Как и год назад, добирался Федор Туланов до дому на перекладных, попутных. Что царя свергли, людям было уже известно. А вот что там еще, в Петрограде? Как жизнь поворачивается, куда она поворачивается? Чего ждать? Федор знал только одно: власть принадлежит Советам, стало быть, надо кругом выбирать свои Советы депутатов, чтобы не было никакого угнетения. А Советы депутатов — это сам народ, кого народ выберет, тот и править станет. Люди слушали, качали головами: видано ли дело, чтобы народом сам народ управлял?.. Первый раз слышим о такой власти, которая не от бога, а от самого народа. Да ведь кто-то должен и распорядиться… А ежели на коми земле не захотят таких порядков, как в Питере? Мы, может, свое чего удумаем? Федор нередко чувствовал, что не может ответить, слишком много вопросов у людей возникало. Будь на его месте Тараканов, тот, конечно, мигом бы разъяснил, чего с какою приправой едят. А Федор частенько сам замолкал и начинал думать, вместо того чтобы отвечать. Но главный вопрос у него был: ждет ли Ульяна? Обещалась ведь. Да жизнь… она хитрее всякого вопроса. Вдруг да кто-нибудь перешел ему дорогу… вроде того задиры Никиты. Девушку ведь тоже надо понять, орел-то он орел, да где тот орел летает и когда еще присядет на нужную ветку… А синица — вот она, сама в руки просится. И все-то времечко был Федор мыслями в Кыръядине, при Ульяне, а не дома, в Изъядоре, при отце-матери. Грех, конечно, кто спорит, но грех простительный, объяснимый. Сколько ни тянется длинная дорога, но если в одну только сторону править, приедешь рано или поздно. Доехал и Федор, куда его сердце влекло. Приехал к бабушке и снова переполошил всех, опять все забегали, затоптались, но было в той беготне отличие от предыдущей: все понимали, что вот теперь-то Федор насовсем приехал, не на побывку, а пожизненно, навсегда. И он — понимал. За столом выяснилось: в этом году Федор — уже четвёртый, кто с войны возвернулся. Еще весной, перед Пасхой трое кырьяндинских возвратились, недальние бабушкины соседи. Служили вместе, вместе их и отпустили. Один и пожениться успел…

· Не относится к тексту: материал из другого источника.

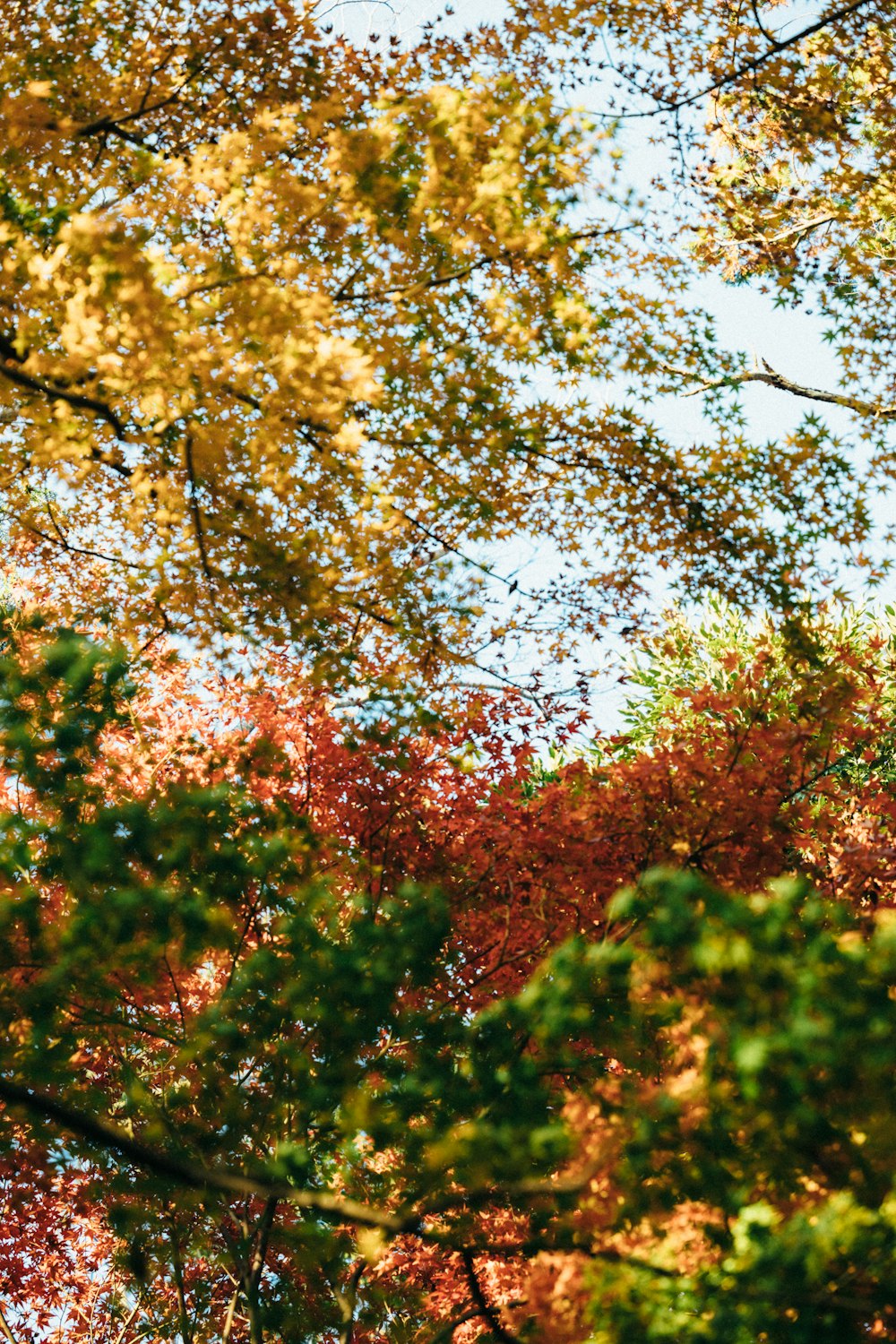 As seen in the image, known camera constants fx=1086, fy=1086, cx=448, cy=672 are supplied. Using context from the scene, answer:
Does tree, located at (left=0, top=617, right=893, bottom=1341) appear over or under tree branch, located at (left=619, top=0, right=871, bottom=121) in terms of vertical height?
under

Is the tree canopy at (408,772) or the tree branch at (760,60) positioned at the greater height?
the tree branch at (760,60)

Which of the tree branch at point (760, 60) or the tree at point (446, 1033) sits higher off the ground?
the tree branch at point (760, 60)

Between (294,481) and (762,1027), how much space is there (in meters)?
4.11

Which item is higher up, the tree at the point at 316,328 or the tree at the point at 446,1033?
the tree at the point at 316,328

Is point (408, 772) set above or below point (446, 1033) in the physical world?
above

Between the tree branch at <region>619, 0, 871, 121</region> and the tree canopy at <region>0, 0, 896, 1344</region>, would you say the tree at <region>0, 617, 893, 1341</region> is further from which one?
the tree branch at <region>619, 0, 871, 121</region>

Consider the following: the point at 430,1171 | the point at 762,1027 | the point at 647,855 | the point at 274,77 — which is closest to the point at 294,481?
the point at 274,77

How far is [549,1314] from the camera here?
172 inches

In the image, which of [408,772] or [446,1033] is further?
[408,772]

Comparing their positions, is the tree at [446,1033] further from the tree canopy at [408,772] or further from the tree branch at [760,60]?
the tree branch at [760,60]

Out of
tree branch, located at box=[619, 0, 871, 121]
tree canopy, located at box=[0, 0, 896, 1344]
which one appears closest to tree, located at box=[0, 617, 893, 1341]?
tree canopy, located at box=[0, 0, 896, 1344]

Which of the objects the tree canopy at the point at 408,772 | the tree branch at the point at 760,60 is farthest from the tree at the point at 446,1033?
the tree branch at the point at 760,60

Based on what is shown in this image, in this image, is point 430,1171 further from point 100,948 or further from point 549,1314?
point 100,948

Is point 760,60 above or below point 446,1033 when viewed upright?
above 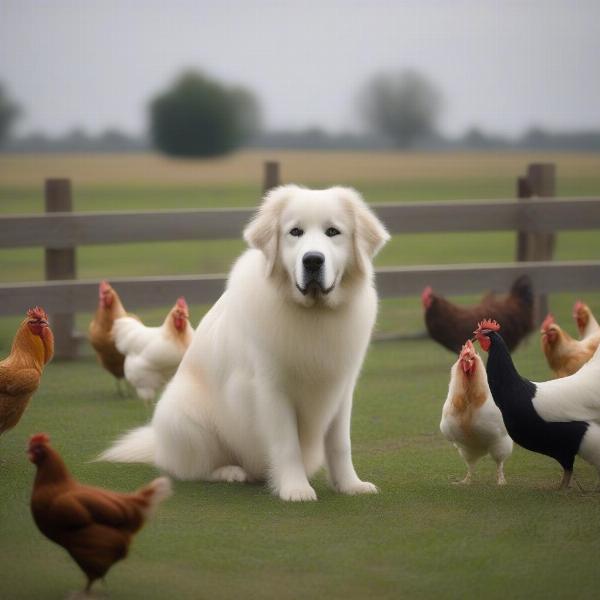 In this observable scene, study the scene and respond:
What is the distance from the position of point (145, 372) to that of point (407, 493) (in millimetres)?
2414

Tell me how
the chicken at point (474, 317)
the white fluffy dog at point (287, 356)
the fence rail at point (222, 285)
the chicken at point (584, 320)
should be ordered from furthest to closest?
the fence rail at point (222, 285), the chicken at point (474, 317), the chicken at point (584, 320), the white fluffy dog at point (287, 356)

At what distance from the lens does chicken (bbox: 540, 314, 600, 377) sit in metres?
5.75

Как только услышал эти слова Федор — замер, дрогнуло сердце, узнав про чужую свадьбу. Но тут же выяснилось, что сказано это было безо всякого намека, имя прозвучало другое. А про Ульяну Анна вскоре радостно ему нашептала: и что любит его Ульяна без памяти, и что даже на посиделки деревенские перестала ходить, как Федор прошлый раз уехал — «как это, говорит, я стану веселиться да плясать, когда Федя мой на войне?». А два месяца назад тот самый Никита сватов засылал, все чин чином, Ульяна сватов на смех подняла и прогнала из дому. Пантелеймон, Панте, брат ее, недоволен тем сватовством, они с Никитой в дружках ходят. Вот она какая, твоя Ульяна.

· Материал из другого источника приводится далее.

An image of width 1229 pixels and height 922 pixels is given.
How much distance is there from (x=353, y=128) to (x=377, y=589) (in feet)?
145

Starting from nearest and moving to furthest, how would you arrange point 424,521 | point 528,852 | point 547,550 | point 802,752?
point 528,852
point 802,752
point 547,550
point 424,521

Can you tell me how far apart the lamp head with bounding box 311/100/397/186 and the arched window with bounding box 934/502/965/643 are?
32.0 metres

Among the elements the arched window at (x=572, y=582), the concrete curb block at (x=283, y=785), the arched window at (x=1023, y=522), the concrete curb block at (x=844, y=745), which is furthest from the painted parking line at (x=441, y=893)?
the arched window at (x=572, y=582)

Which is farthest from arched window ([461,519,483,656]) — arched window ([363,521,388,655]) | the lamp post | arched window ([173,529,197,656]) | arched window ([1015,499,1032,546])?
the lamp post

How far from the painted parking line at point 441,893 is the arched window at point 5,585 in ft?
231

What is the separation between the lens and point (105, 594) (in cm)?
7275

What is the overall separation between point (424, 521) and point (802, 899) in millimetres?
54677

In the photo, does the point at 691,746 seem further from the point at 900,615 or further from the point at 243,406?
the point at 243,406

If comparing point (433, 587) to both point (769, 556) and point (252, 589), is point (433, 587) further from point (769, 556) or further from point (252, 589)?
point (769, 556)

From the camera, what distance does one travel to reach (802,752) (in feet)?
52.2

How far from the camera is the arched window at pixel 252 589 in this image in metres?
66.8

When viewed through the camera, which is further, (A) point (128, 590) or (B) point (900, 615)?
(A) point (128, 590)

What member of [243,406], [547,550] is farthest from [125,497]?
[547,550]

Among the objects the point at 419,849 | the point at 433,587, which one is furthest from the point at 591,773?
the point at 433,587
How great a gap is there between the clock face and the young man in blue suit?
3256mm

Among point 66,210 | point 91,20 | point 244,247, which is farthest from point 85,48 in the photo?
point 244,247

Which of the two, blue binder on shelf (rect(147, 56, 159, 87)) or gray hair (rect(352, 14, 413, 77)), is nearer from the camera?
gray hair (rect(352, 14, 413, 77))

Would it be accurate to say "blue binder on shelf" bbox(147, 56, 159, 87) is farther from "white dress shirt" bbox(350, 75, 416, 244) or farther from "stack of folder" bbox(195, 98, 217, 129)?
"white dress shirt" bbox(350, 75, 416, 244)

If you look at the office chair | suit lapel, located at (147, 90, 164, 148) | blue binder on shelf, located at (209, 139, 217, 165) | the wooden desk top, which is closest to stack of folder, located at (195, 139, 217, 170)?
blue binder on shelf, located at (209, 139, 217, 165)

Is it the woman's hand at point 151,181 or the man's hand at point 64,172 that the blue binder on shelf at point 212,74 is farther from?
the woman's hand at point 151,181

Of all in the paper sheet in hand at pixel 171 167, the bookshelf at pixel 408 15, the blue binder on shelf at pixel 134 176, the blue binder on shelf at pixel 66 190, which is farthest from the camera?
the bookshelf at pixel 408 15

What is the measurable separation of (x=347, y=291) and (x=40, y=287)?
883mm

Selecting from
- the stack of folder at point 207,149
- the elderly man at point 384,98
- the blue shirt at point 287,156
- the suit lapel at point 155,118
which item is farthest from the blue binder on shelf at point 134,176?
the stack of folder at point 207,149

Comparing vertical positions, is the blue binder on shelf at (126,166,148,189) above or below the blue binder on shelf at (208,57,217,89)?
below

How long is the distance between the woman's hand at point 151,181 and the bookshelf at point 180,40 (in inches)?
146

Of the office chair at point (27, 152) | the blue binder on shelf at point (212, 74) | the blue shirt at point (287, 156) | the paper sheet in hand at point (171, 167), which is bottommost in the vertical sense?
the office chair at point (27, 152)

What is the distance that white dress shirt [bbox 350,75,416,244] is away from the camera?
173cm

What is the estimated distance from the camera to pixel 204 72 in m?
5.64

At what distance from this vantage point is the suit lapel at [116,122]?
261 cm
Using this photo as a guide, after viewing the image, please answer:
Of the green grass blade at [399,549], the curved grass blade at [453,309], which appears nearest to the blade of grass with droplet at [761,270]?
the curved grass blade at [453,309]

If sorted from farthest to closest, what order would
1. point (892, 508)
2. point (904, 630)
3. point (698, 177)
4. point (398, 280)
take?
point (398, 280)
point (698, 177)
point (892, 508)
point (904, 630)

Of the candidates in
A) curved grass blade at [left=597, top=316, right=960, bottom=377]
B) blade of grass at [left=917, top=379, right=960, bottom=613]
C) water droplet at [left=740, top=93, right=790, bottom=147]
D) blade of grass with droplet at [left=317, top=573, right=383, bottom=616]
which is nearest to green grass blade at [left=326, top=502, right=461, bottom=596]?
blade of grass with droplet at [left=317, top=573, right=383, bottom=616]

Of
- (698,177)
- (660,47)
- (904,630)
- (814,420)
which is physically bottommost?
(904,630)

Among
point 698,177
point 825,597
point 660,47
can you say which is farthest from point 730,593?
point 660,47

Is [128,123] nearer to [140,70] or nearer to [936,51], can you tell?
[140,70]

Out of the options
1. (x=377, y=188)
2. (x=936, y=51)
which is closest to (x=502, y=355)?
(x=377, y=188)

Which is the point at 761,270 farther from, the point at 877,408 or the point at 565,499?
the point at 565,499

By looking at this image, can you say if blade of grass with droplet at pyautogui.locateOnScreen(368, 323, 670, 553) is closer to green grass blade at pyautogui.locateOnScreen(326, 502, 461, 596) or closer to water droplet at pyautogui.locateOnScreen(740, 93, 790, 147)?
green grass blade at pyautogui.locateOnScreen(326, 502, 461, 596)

После этого Федор еще больше разволновался. Приходила ему и раньше мысль — посвататься к Ульяне прямо так, с ходу, не заезжая еще и домой, к родителям. Нехорошо, конечно, без родительского предварительного согласия, но что ж поделаешь, концы больно велики от одного дома до другого. А он уже взрослый мужик: и отслужил, и ранен был, и повоевал, и жизнь видывал… Можно, вполне можно с ним, Федором Тулановым, самостоятельный разговор вести. Почему нельзя — можно. Но до конца так ничего и не решил. Есть же и обычаи. Как себя ни оправдывай, а через обычай переступать тоже ведь грех. Но теперь, когда Анна нашептала ему горячих слов, он все же осмелился. Сейчас же пойдет и заявит родителям девушки: так и так. Ну, не сейчас — немедленно, а к вечеру, чтобы наверняка все дома были. Чтоб не в два приема заходить по такому делу… И еще: бабушку нужно упросить, чтоб с ним пошла. Она заместо его родителей будет и весу придаст его словам и его просьбе.
— Анна, сходи еще раз к Ульяне, скажи ей, пусть вечером готова будет. Федор, мол, с бабушкой свататься придут.

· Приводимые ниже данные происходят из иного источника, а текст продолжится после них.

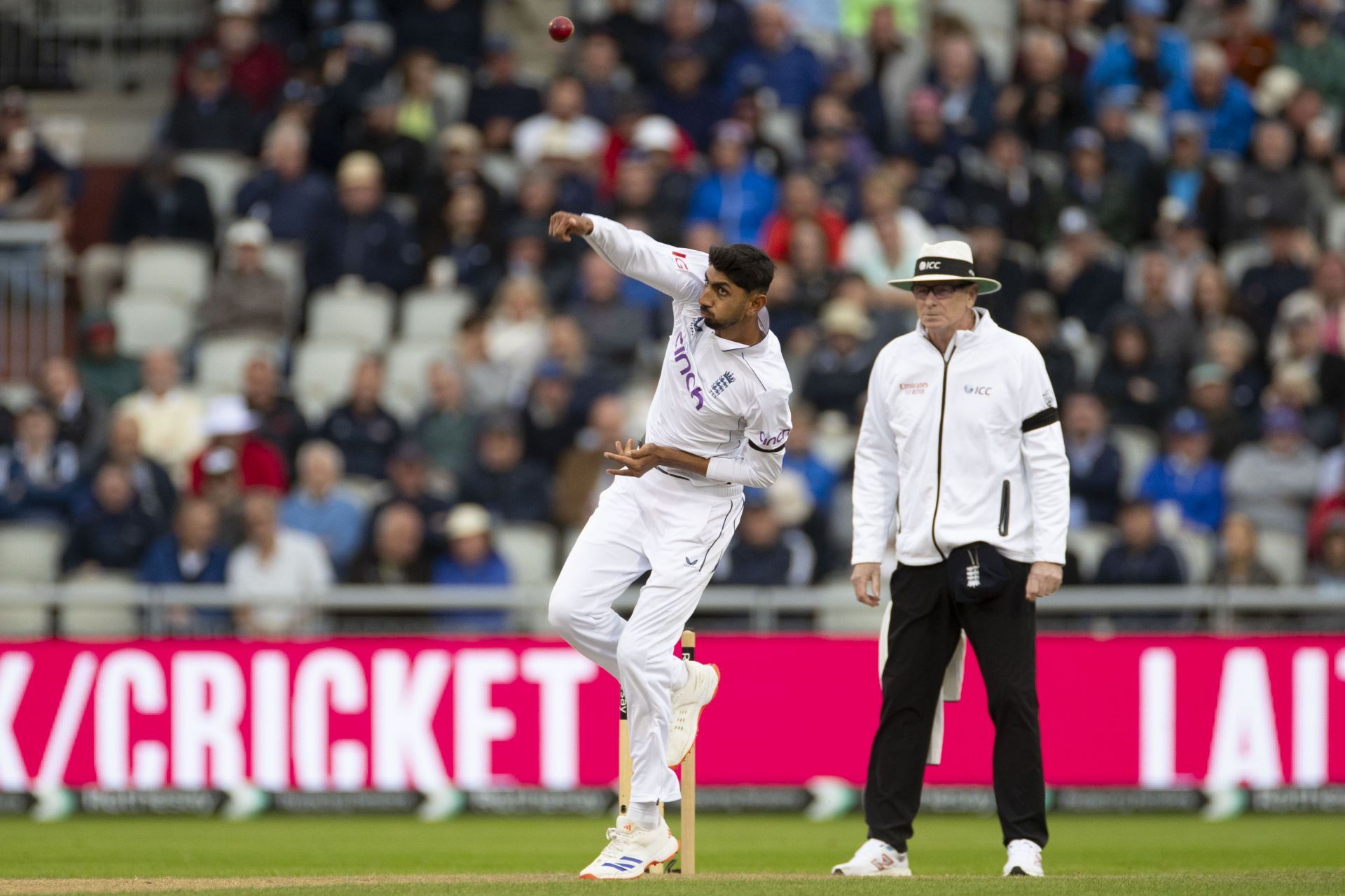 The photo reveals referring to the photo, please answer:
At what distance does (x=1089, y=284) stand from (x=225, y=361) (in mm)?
6977

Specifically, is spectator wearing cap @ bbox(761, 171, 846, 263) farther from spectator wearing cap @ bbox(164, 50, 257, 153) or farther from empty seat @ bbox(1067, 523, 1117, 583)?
spectator wearing cap @ bbox(164, 50, 257, 153)

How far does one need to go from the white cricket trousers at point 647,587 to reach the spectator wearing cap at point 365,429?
7151 mm

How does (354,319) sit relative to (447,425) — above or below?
above

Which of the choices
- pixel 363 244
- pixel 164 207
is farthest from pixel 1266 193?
pixel 164 207

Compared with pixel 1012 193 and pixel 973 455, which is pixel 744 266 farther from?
pixel 1012 193

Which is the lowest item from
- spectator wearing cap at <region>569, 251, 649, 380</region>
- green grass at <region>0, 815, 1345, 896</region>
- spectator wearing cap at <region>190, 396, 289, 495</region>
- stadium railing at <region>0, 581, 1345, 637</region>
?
green grass at <region>0, 815, 1345, 896</region>

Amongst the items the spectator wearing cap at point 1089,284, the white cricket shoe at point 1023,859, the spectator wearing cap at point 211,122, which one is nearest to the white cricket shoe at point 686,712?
the white cricket shoe at point 1023,859

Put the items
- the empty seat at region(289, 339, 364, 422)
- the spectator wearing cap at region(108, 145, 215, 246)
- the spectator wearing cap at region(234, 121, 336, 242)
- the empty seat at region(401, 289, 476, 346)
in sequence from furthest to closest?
the spectator wearing cap at region(108, 145, 215, 246), the spectator wearing cap at region(234, 121, 336, 242), the empty seat at region(401, 289, 476, 346), the empty seat at region(289, 339, 364, 422)

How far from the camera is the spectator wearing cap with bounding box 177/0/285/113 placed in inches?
761

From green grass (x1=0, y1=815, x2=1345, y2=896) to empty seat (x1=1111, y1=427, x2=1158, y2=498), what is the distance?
128 inches

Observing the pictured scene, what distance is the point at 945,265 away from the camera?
29.7ft

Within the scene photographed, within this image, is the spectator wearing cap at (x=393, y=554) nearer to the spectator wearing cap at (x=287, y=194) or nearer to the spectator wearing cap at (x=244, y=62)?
the spectator wearing cap at (x=287, y=194)

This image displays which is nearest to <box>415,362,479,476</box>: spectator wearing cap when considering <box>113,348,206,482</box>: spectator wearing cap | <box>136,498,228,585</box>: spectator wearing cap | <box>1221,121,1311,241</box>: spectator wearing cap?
<box>113,348,206,482</box>: spectator wearing cap

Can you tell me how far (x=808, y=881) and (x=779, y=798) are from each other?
5.27 metres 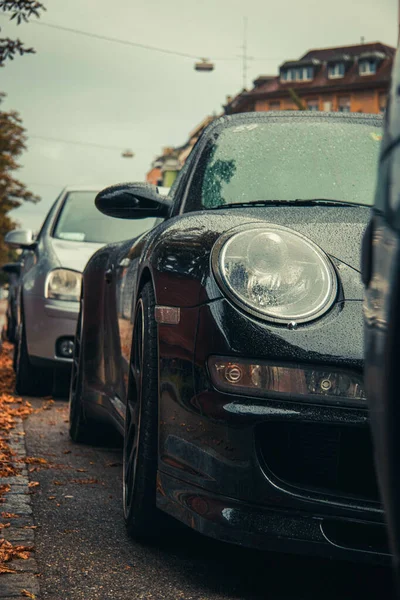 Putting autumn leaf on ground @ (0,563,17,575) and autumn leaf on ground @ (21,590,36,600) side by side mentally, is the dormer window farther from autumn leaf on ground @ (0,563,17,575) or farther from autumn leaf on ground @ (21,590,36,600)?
autumn leaf on ground @ (21,590,36,600)

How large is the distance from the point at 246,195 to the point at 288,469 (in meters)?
1.29

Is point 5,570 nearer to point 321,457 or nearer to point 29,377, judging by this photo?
point 321,457

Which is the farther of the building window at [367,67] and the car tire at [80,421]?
the building window at [367,67]

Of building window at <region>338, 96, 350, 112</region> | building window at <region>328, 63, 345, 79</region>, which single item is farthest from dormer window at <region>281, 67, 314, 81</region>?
building window at <region>338, 96, 350, 112</region>

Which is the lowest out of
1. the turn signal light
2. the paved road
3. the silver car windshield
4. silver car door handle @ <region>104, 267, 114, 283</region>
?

Анна ходила, наверное, целый час. Вот уж трепушки эти девки, надо им столько обсуждать событие, которого еще не было.
Вернулась:
— Ульяна согласная. Вечером ждать будет, никуда не отлучится.
С бабушкой Федор переговорил тут же, не ища повода.
— Бабуля, — осторожно и почтительно обратился Федор. — Ты послушай-ка меня, бабуля. Дело у меня вот какое. Батя мой и матушка далеко, а время не терпит… Спросить тебя хочу, совета, вместо них…
— Спрашивай, золотце, — засветилась радостью бабушка, иссеченное глубокими морщинами лицо ее смотрело ласково.
— Жениться я хочу, бабушка. Помощи твоей прошу и согласия.
— Да ведь что сказать, дитятко. И пора уже. Службу отбыл. Зверя-птицу промышлять умеешь. Молодой да сильный. Отчего ж тебе и пару не выбрать да и гнездо не свить? Всем на зависть жених, Федюшко… Успел ли невесту себе найти?
— Еще прошлый год выбрал, бабушка. Ульяну, дочку Ивана Васильевича, соседа твоего, — открылся Федор.
Бабушка помолчала. Она по-своему прикидывала это сообщение, и лицо ее быстро потускнело, что-то не нравилось ей в этом выборе, или, может, не ждала она встречной радости от соседа…
Проговорила, помедлив:
— Прямо скажу, Федя, выбрал ты очень хорошую… И ладная, и красивая, с характером и с умом девушка. И родители люди хорошие. А как сама-то Ульяна, знает ли?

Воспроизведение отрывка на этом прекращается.